* Brief *
Copy out the data in full and exactly, passing over the pictures.

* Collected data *
-=-=-=-=-

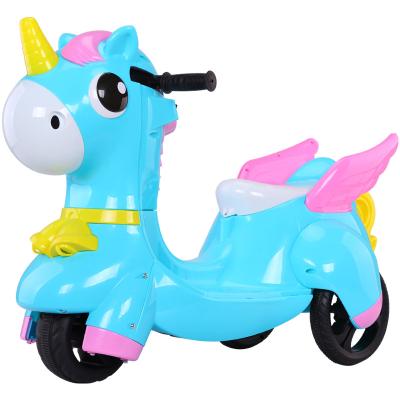 China Ride On Toy Wholesale Ride On Kid Electric Motorcycle 6V Kids Motorcycle Children Battery Operated Motorcycle for sale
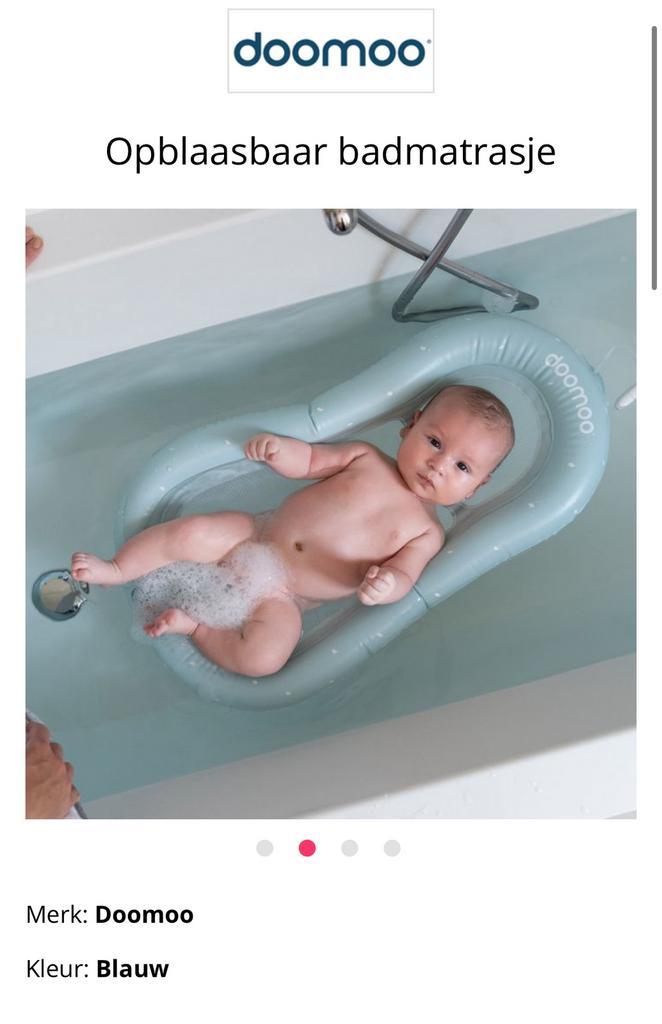 Doomoo opblaasbaar matrasje, Kinderen en Baby's, Badjes en Verzorging, Gebruikt, Overige typen, Overige merken, Ophalen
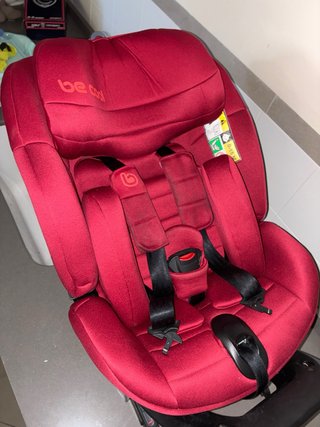 Silla Coche Be Cool Zeus Roja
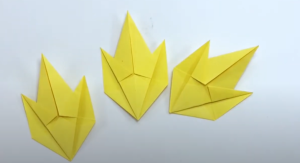 Make an Origami Maple Leaf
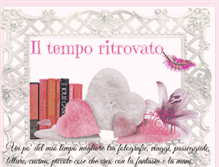 Tablet Screenshot of iltemporitrovatodiantonella.blogspot.com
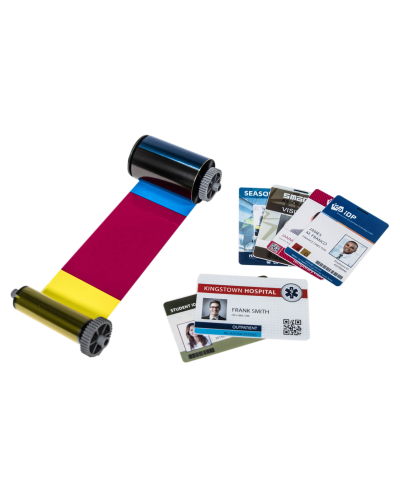 ASOL-YMCKO250. Лента полноцветная с черной панелью и оверлеем (YMCKO) с чистящим роликом. Advent SOLID в Ярославле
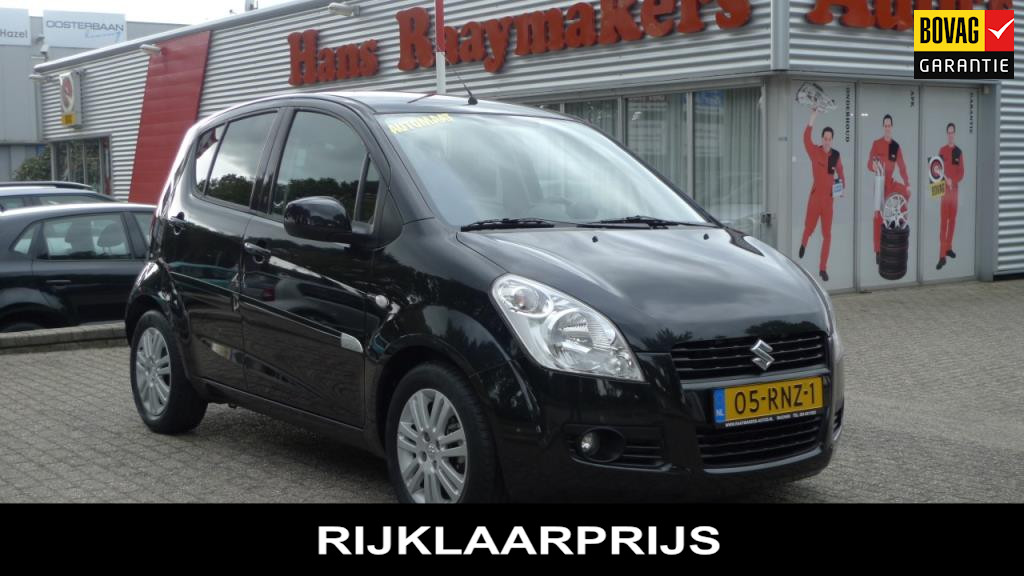 Suzuki Splash 1.2 Black-line all-in prijs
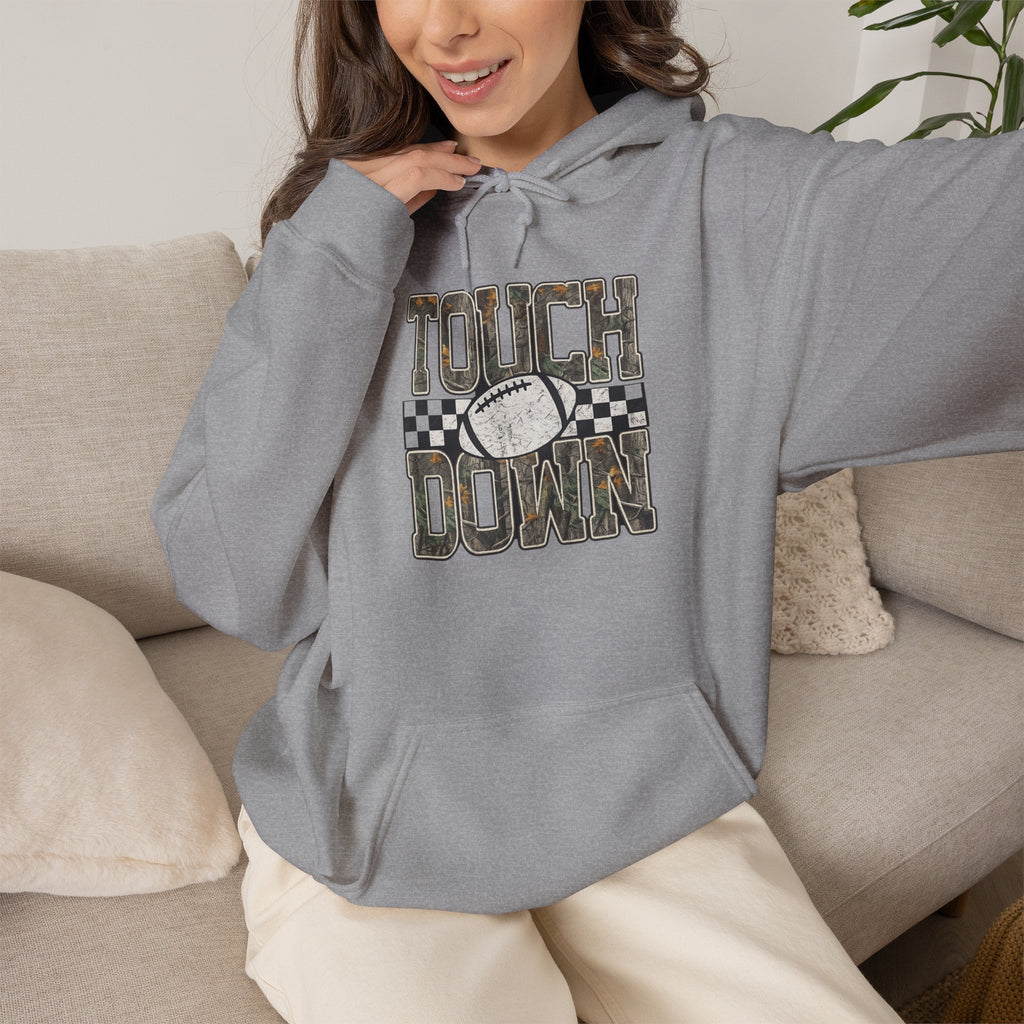 Camo Touchdown Hoodie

-=-=-=-=-

* Exercise response *
 China Ride On Toy Wholesale Ride On Kid Electric Motorcycle 6V Kids Motorcycle Children Battery Operated Motorcycle for sale
 Doomoo opblaasbaar matrasje, Kinderen en Baby's, Badjes en Verzorging, Gebruikt, Overige typen, Overige merken, Ophalen
 Silla Coche Be Cool Zeus Roja
 Make an Origami Maple Leaf
 Tablet Screenshot of iltemporitrovatodiantonella.blogspot.com
 ASOL-YMCKO250. Лента полноцветная с черной панелью и оверлеем (YMCKO) с чистящим роликом. Advent SOLID в Ярославле
 Suzuki Splash 1.2 Black-line all-in prijs
 Camo Touchdown Hoodie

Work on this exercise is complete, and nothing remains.